Anna Karénine est une tragique histoire d’amour où se greffe une critique des mœurs de la noblesse russe de la fin du XIXe siècle, qui a par bonheur résisté à cette énième adaptation. C’est l’histoire d’une femme (Keira Knightley, tragique) qui pour l’amour d’un homme, le comte Vronsky (Aaron Taylon-Johnson, insipide), va tromper son ministre de mari (Jude Law, superbe) et perdre du coup sa position de noble femme au sein de la haute société pétersbourgeoise.

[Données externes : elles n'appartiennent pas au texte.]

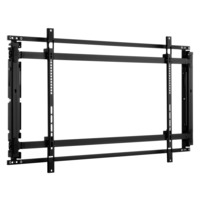 Кріплення ТВ фіксоване 2E Letriovgu (2E2GEN556035FIXPO)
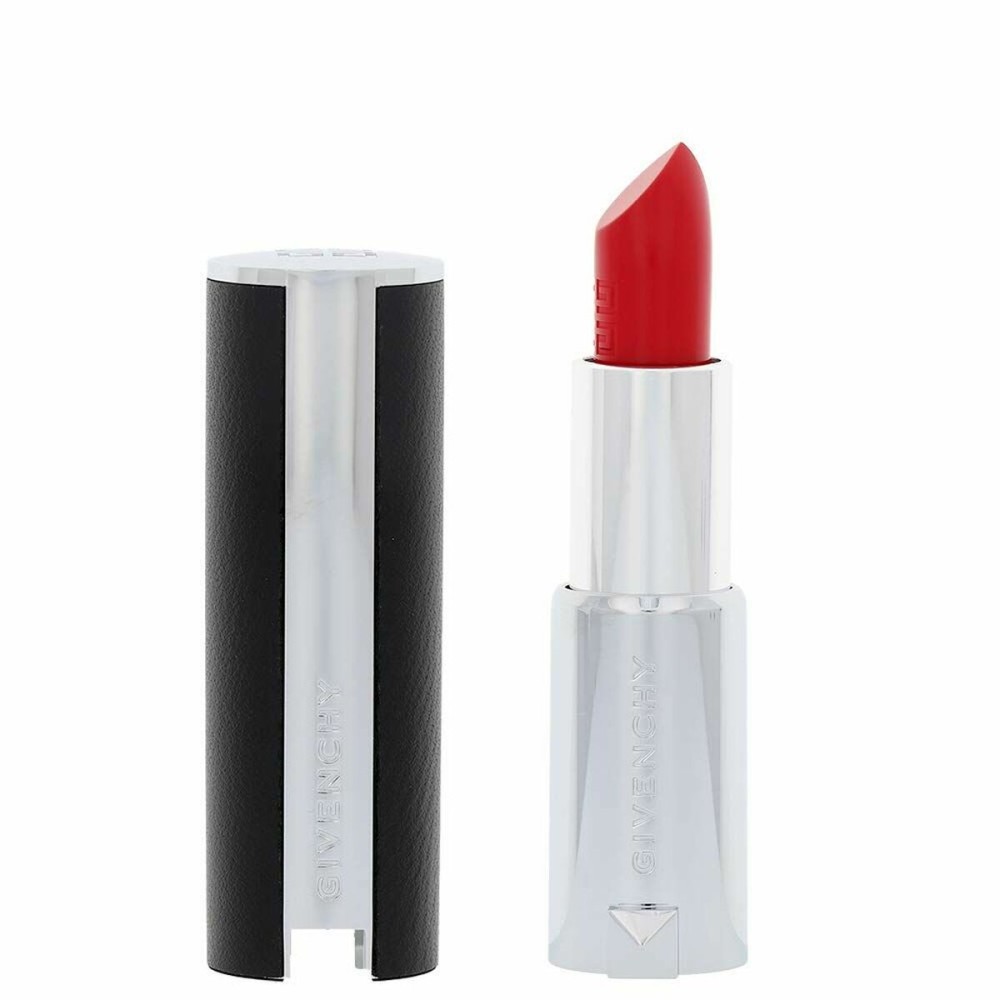 Κραγιόν Givenchy Le Rouge Lips N306 3,4 g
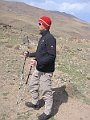 IMG_0490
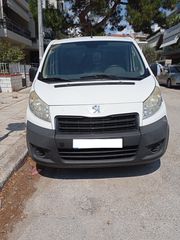 Peugeot Expert 2015 ΕΛΛΗΝΙΚΗΣ ΑΝΤΙΠΡΟΣΩΠΕΙΑΣ-thumb-1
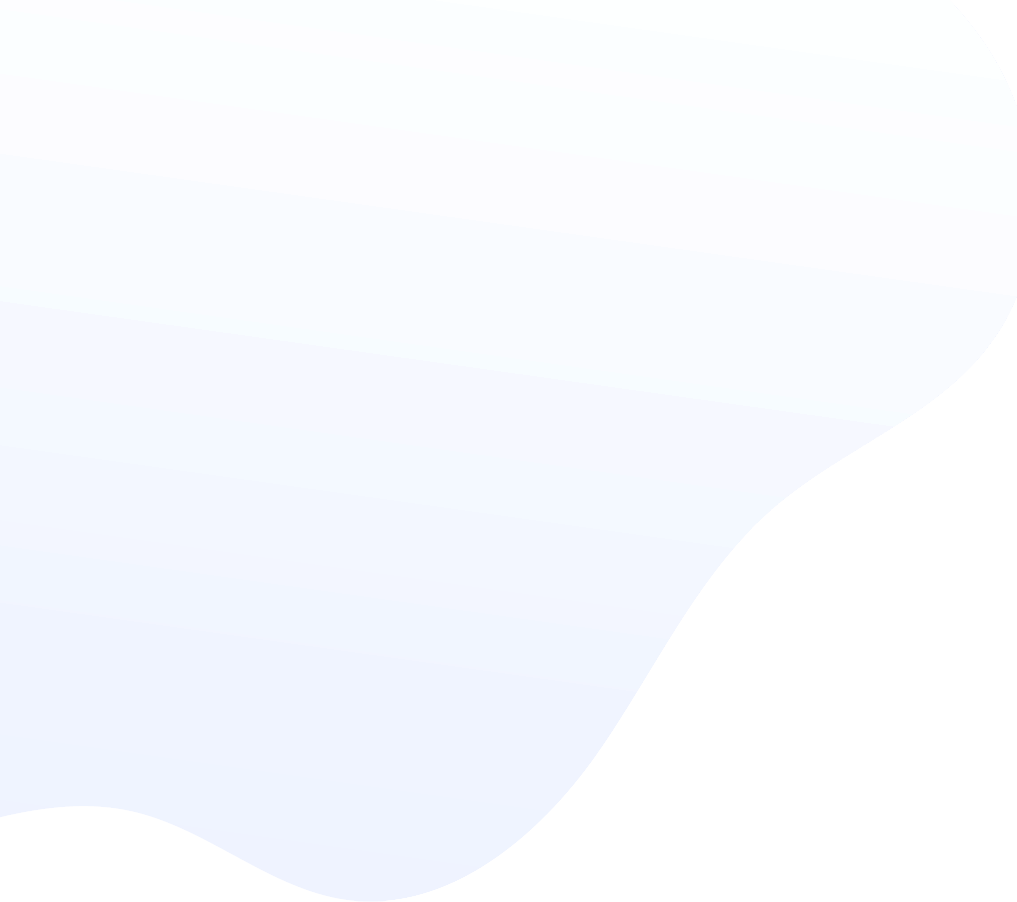 网络ddos攻击软件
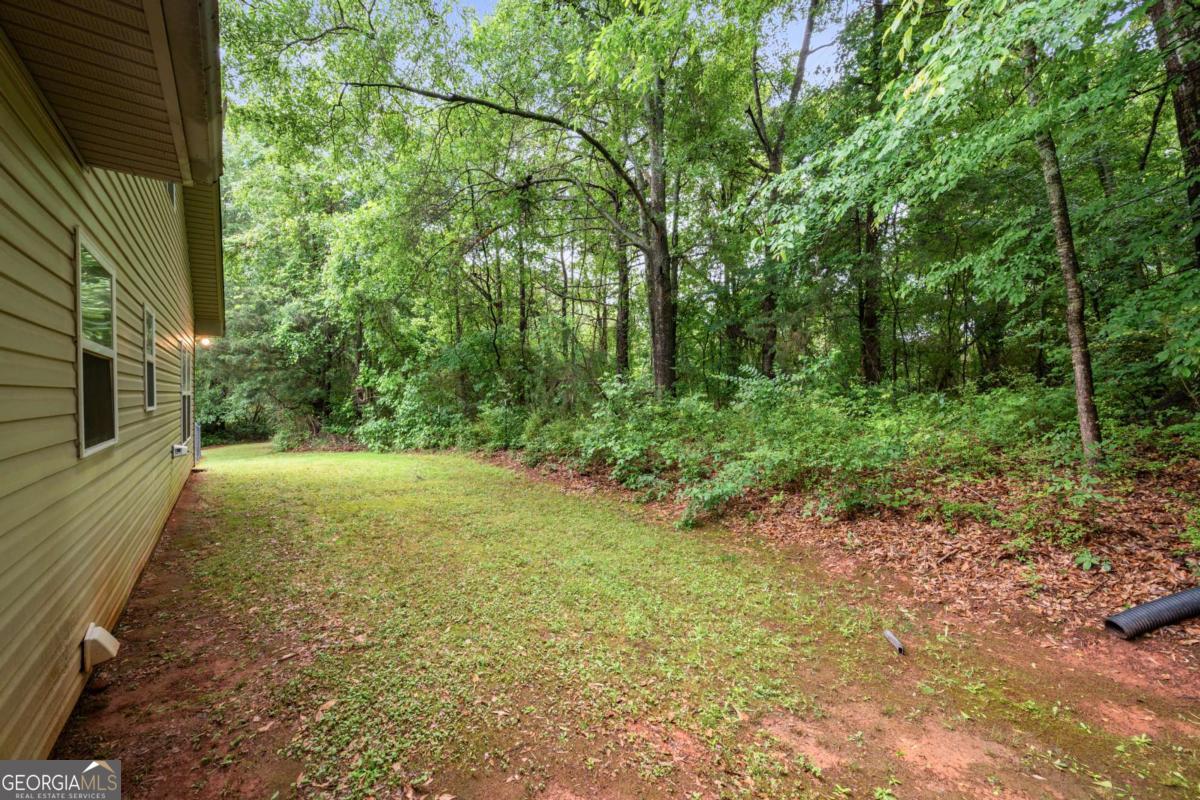 172 Fairfield Drive Jefferson GA 30549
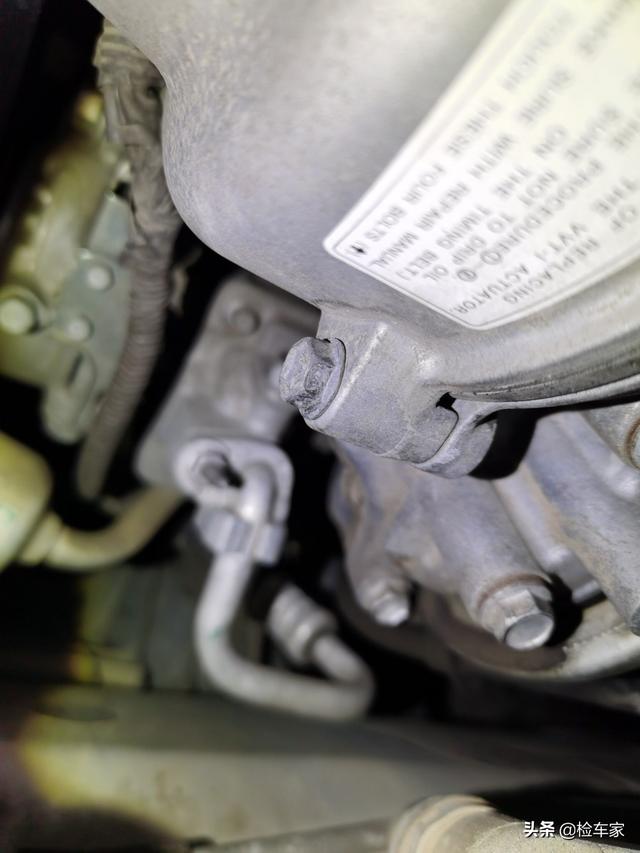 凌志ls430，ls430雷克萨斯怎么样（这台04年的雷克萨斯LS430如今能卖多少钱）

Anna se rend à Moscou auprès de sa belle-sœur Dolly (Kelly Macdonald, transparente), car son propre frère, Oblonsky (carnavalesque Matthew Macfadyen), s’est laissé tenter, entre autres par la gouvernante. Une prédiction de son propre adultère? Quoi qu’il en soit, Anna aide les époux à se retrouver et rencontre lors d’un extravagant bal le comte Alexeï Vronsky, qui était d’abord destiné à la sœur de Dolly, la jeune princesse Kitty (Alicia Vikander, ingénue), qui est elle l’objet du désir d’un autre prétendant, le provincial Levine (Domhall Gleeson, taciturne). Ce dernier fait même son ultime demande lors dudit bal, mais Kitty n’a d’yeux que pour Vromsky, qui ne peut détacher les siens d’Anna.
Résistant d’abord aux sauvages avances de son cadet, Anna tombe finalement dans le piège, alors que le comte Vronsky emménage à Saint-Pétersbourg pour être au plus près de son aimée. L’idylle tourne cependant rapidement au cauchemar et, malgré la sollicitude de son mari, Anna va choisir l’avilissement, portant l’enfant de Vronsky et décidant de s’enfuir avec lui, laissant fils et mari derrière. Déchirante décision pour la belle, qui n’aura d’autre choix que d’en finir, la déchéance et la honte la rattrapant tragiquement. La femme adultère est synonyme de honte dans cette société rigide.
Théâtre permanent
L’amour est source de tous les malheurs dans le roman de Tolstoï, et cette nouvelle adaptation réécrit ce motif à l’encre rouge. La mise en scène de Joe Wright parachève d’ailleurs la thématique de l’amour, lui fournissant un écrin digne de ses bouillonnements: un théâtre. Le film y a lieu et la représentation est reine. C’est-à-dire que tout est orchestré comme au théâtre, les décors étant visibles permettent de magnifiques plans-séquences, les costumes sont époustouflants et interchangeables, et les scènes coulent, l’une après l’autre, orchestrant un tableau vivant où l’opulence fait place à l’ingéniosité. Des images douces et délicieusement baroques présentent des personnages torturés à souhait.
Si la représentation est à son apogée et Joe Wright au sommet de son art, il y a cependant une froideur qui se dégage du scénario pourtant solide de Tom Stoppard qui était derrière ceux de Shakespeare in Love et L’empire du soleil. Comme si tous ces amours en parallèle (Dolly et Oblonsky, Kitty et Levine, Anna et Vronsky), ne pouvaient se rejoindre qu’en de furtifs instants et, au final, ne dresser que le portrait de bourgeois en mal d’amour, mais quel amour! Malgré quelques longueurs, les amateurs de grands films d’époque seront médusés par le traitement inédit, et les autres s’y délecteront d’un grand moment de cinéma.